### Directions for this task
Reproduce the entries shown below only from the line with "Foto CASAMENTO FIM" down to the line with "Image of Chevrolet 2500HD Primary image", keeping both end lines and copying each one exactly.

### Source material
◆ ◆ ◆ ◆ ◆ ◆ ◆
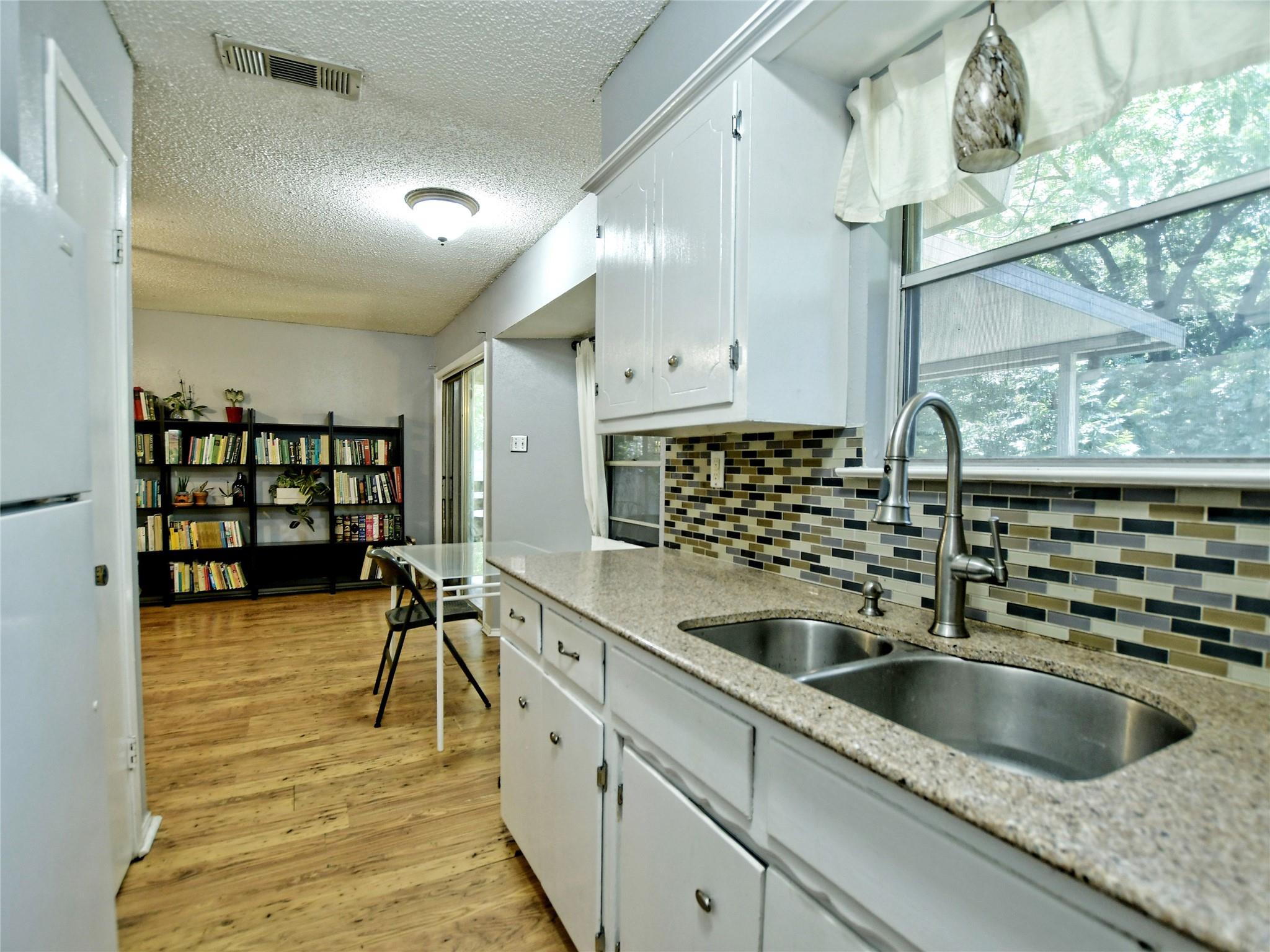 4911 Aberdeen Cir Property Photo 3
◆ ◆ ◆ ◆ ◆ ◆ ◆
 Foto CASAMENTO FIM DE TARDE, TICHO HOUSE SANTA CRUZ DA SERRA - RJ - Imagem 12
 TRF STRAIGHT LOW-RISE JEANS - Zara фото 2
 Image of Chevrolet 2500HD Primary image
◆ ◆ ◆ ◆ ◆ ◆ ◆
### Output of the exercise
 Foto CASAMENTO FIM DE TARDE, TICHO HOUSE SANTA CRUZ DA SERRA - RJ - Imagem 12
 TRF STRAIGHT LOW-RISE JEANS - Zara фото 2
 Image of Chevrolet 2500HD Primary image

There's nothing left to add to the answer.